Clover has been talking to fellow real estate agents and the sense is that while the market is still active, it is beginning to settle. "We have got fewer people showing up at open houses, we've got fewer sales going through, price reductions are becoming more prevalent ... The buzz phrase right now is, 'If it isn't priced right, it won't sell.'"

Greater Victoria is a "price-sensitive" market, Clover said. "There is a change going on out there. Buyers are not jumping at the first home they see."

When prices come down, the drop is often larger than normally seen in the past few years in order to catch the attention of buyers, Clover said. He believes that homes are staying on the market longer than a year ago, referring to all residential properties, not just those sold.

Even so, the market remains healthy because there is a demand for Victoria properties, Clover said. Disaster is not looming and the economic indicators back that up, he said. "We have not overbuilt to excess," Clover added.

This is a good time for buyers because they are in a position to negotiate, he said.

Local MLS sales last month included 335 single-family houses, 150 condos, 77 townhouses, and 21 manufactured homes, the real estate board said. Total residential sales value was just over $279 million.

Saanich East saw the largest number of single-family sales, with 62 sales at average price of $616,027. Langford followed with 35 single-family sales, with an average price of $490,379. Langford topped the number of townhouse sales with a total of 28 and an average price of $326,021.

Victoria beat other areas in condo sales with 69 and an average price of $322,914. Saanich East and Langford tied for second place with 15 sales each.

Normally anything I steal from websites I italicize so that you aren't confused that I wrote it. I don't do that here because I italicize bull terms and bold bear terms. Here's the count: Bulls: 11 Bears: 10. I point out the one statement that can be construed either way, some think 17 sales over a mill is great for the market, some think it inappropriately skews the average. So I counted as 1 each. That said, the MSM has picked up the cooling story. Even given it a tag in the sub-headline. Times are changing. This is almost balanced.

I ran with a Realtor I know tonight. I was asked, "still looking?" I responded with, "um, not seriously, but still blogging about the market. Kinda funny right now. You still renting?" The response to my question: "You'd have to be crazy to be buying right now." That came from the horses mouth.

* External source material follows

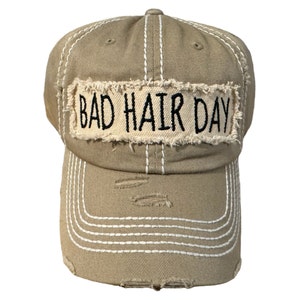 May include: Tan baseball cap with white stitching and distressed details. The front features a rectangular patch with the words "BAD HAIR DAY" in black lettering. A stylish and casual accessory.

Considering that since last Friday the BoC has dumped a billion dollars a day to prevent having to drop the interest rate, I'd say that the storm is brewing. If the BoC does the right thing and checks inflation now with a rate hike or at minimum no rate changes, and no more dumping cash into the market, we may be saved from long term pain. If they don't, I'm thinking the similarities to 1981 are too striking to believe that a different outcome is a given.

Monday, October 1, 2007

A new day: Y2ThisTimeIt'sDifferent

VREB numbers are out. I'm not going to do much analysis other than to repeat what VG has already said (with an edit): "sales are down considerably from August (25%) and prices are basically flat for the median SFH." Condo median prices jumped almost $15,000, though I don't give much weight to this number because the number of condos sold is so relatively small that blips like this are common.

Anyway, enough about that, you'll get far superior analysis from PB at VT. So go there, then come back and buy some books from Amazon through this site so I can quit my day job and live the dot.com dream ;-)

On with the real show now...

I peruse statistics at work in my own research fairly often. I came across this dandy gem today:
CMHC is forecasting that housing starts in BC will total 14,100 this year, down 13.5% from the 1999 level. A surge in demand for high-end homes (those costing $500,000 or more) is not expected to be strong enough to offset the effect that higher interest rates and construction and land costs have had on the market for entry-level home buyers.

The cost of new housing in BC’s two biggest urban centres continued to fall in August. The new housing price index (NHPI) in Victoria was down 4.4% from a year earlier, while Vancouver’s NHPI slipped 1.0%. Elsewhere in Canada, only two urban areas–Saint John-Moncton-Fredericton (-0.4%) and Sudbury/Thunder Bay (-1.3%)–saw the cost of new housing decline. Prices are rising in other cities, at rates ranging from +0.9% in Windsor to +7.2% in Ottawa/Hull. Overall, new housing prices were up 2.4% from August 1999.

Since 1992, the cost of new housing in Victoria has fallen 28%, while average prices for new housing in the Vancouver area have dropped 17%. Prices for new housing in the province have been declining steadily since the mid-1990s. In Vancouver, the rate of decline is slowing but this has not yet occurred in Victoria. Land prices are beginning to stabilize, but the cost of homes built in the city has continued to drop. New housing prices are affected by a combination of factors, including the state of the housing market, the availability of land on which to build, and the type and size of housing that is being constructed. The long-run decline in the NHPI is a reflection of falling prices for both the land and housing components of the index. (emphasis mine)

When was this from? October 13, 2000. And they say Victoria is different. What was happening back then? Stock market was uber-bullish, the NDP government of BC was on the way out, and developers were ready for a pro-business change. Even then they claimed no one could afford the product on offer. So what does this mean? Just more confusion for yours truly unfortunately. My best guess: the markets change, but the rhetoric doesn't. Man, do times ever change fast in the RE market. That was 7 years ago, almost to the day. Someone. Please. Help. Us.